Part Three of Three
While attending classes at the organization in London around 1960, I came across an older fellow who’d told me how he’d given a present of a Corgi bitch puppy to Mary Sue and how happy she was to have the dog. The dog, Vixie, no longer a puppy, was there when I arrived at Saint Hill. She spent most of her day with the children. They rewarded her partly by finding a way to tease her when she was eating. One of the children would get down on all fours and pretend to want to eat from the dog’s bowl. Vixie went out of her mind, and the children loved it. Well, Vixie became really bad-tempered especially around her food, and generally when she was stressed.
One day, the children were playing in the drive in front of the house, a car passed by them, and Vixie was seemingly hit by the car. The children were beside themselves and in panic chased poor distraught Vixie indoors into a corner of a room near the Manor’s back door. They were hysterical. I went into the room but had no clue of how to deal with the chaos. Mary Sue must have heard the children’s cries from her office rather far away. All at once, she swept in, immediately filling the room with her calm and determined presence. Before I could blink she had the children quiet and was soothing Vixie, in complete control of the situation—and I had not even begun to remind myself that I could start collecting my wits. Vixie was not badly hurt, after all.
The children’s Nanny, a local woman who was a Scientologist, cleaned their bedrooms as part of her duties. I didn’t have a lot to do with her, as the children seemed slightly out of my field of direct responsibility. However, she herself was within it, being part of the household I was supposedly in charge of. The Nanny had Sundays off and, I think, Saturday afternoons. One Sunday when I was standing in for the cook who was having the day off, I became aware of a strange sound coming from the children’s bedrooms. The children themselves were outside in the grounds.
I realized that someone was scrubbing the stained floorboards around the carpeting in the bedrooms, and that that someone was Mary Sue. Whatever the Nanny had been doing up there she had been working away without any interference or supervision from me. It seemed to me likely that the Nanny had been using the new-fangled spray polish on the exposed floorboards but without dusting them first. Mary Sue had noticed and was on her hands and knees, scrubbing.

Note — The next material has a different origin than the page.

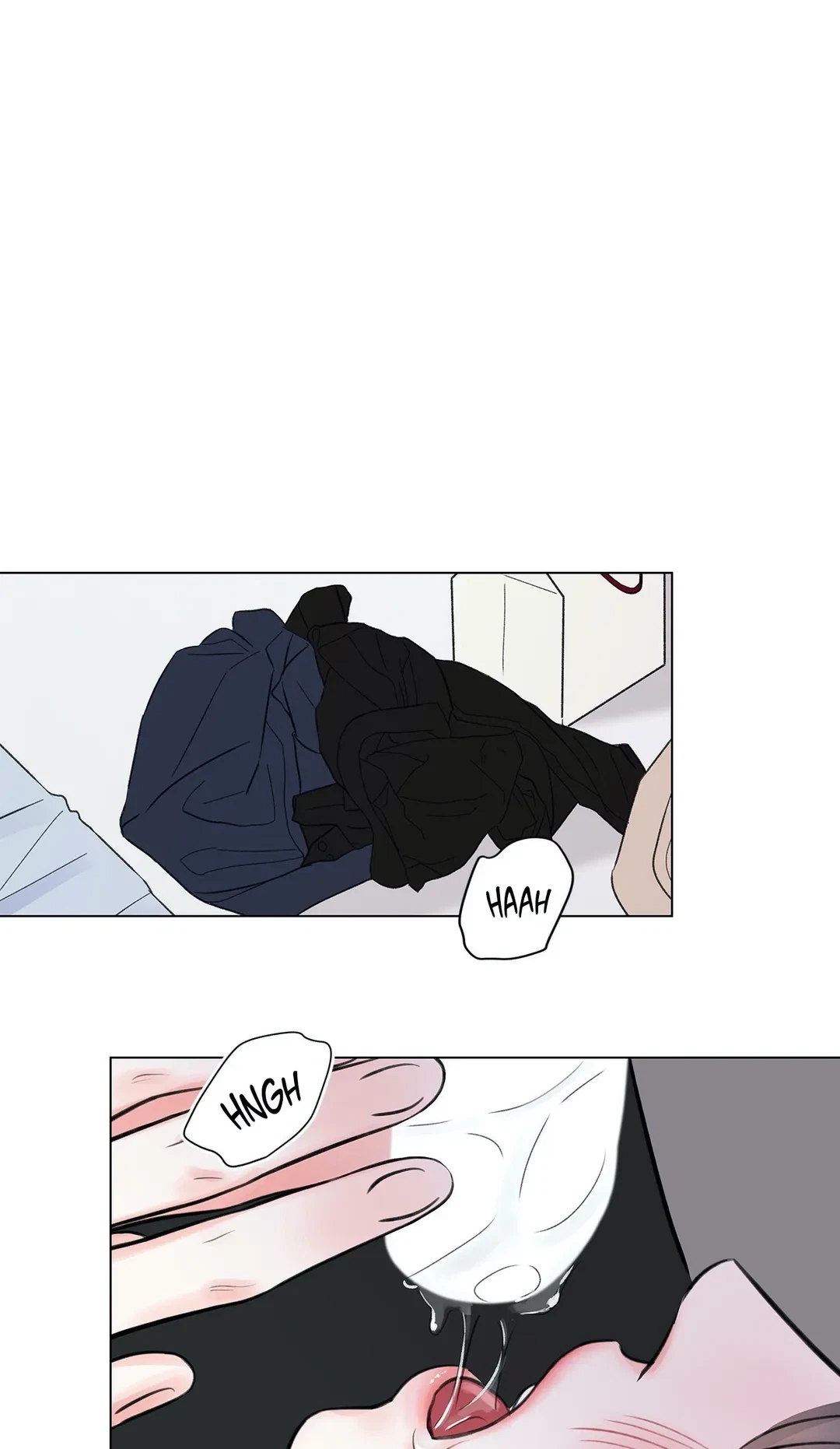 Chapter 46, page 23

Kitchen duties demanded my attention. At the same time, it was upsetting that Mary Sue had to be scrubbing floors. Further, I knew well how formidable Mary Sue could be when she was aroused, and how disrespect to her children would rile her. I wanted to help put things right for Mary Sue but since I couldn’t leave the kitchen for long, I couldn’t scrub the floors myself till later. The energy she was putting into her scrubbing told me she wanted a result now, and if all I could do was to tamely say “Let me do it later”, or worse, “I’ll have the Nanny do it tomorrow”, it would not wash. There were other questions rattling around. Did I really want to tackle Mary Sue in her energy? Not readily. Was she scrubbing as an outlet for some other matter that had destabilized her? Was she glad to have the chance to do something for her children that her executive duties made it difficult for her to take on? I really should have spoken with her then or as soon as possible thereafter. Stupidly, I dithered, and left her to her scrubbing. She deserved better of me than that.
Mary Sue had a Christmas practice that truly intrigued. I wondered if it were an American practice, or from the Southern states specifically (she was from Texas), or from her own family traditions. She arranged that the children would get the greater part of their everyday clothes and supplies for the year to come—under the Christmas tree. Each Christmas that I was in the house, Mary Sue would be up all night, perhaps two nights, wrapping the children’s gifts, and she would put them in four distinct piles under the tree. Parents and children opened their packages all together.
I had to wonder how the children must feel, spending a couple of hours, along with their parents, undoing these attractively wrapped Christmas gifts, to find themselves neatly piling new underwear, socks, shirts, trousers, dresses, blouses, skirts, shoes, hankies, hats, coats, school supplies—and of course plenty of the usual gifts of something really fun and different. They could have happily played Shop for a fortnight. It was such an efficient, business-like Christmas, along with the love that provided so well for the children. I, the youngest of three, knew how blessed two of them were for being free of those endless hand-me-downs.
My Scottish Victorian grandparents had done their Christmas duty (and in wartime scarcity, too) by lighting a fire for my older brother and me to open a few presents in front of, and leaving us alone to do it. That was the beginning and end of our celebration. Try as I might, I couldn’t get myself into the head and heart of Mary Sue as she presided over this family protocol with obvious satisfaction at the excellence of her work. The style of a post-Victorian Christmas in a small, remote Scottish village in the forties was rather far from that of Mary Sue’s home in Texas, USA, in the same period; she was born there less than nine years before my birth.
Not my work, however, to judge in the matter; Mary Sue had every right to be Mary Sue and to organize her Christmas exactly the way she saw it as needed and wanted. If her family were harmoniously happy, and they seemed to be, what would I be doing, moving into complain mode?
In fact, I had come to have plenty of respect for Mary Sue Hubbard for who she was and for what she was doing with her life both as mother and wife.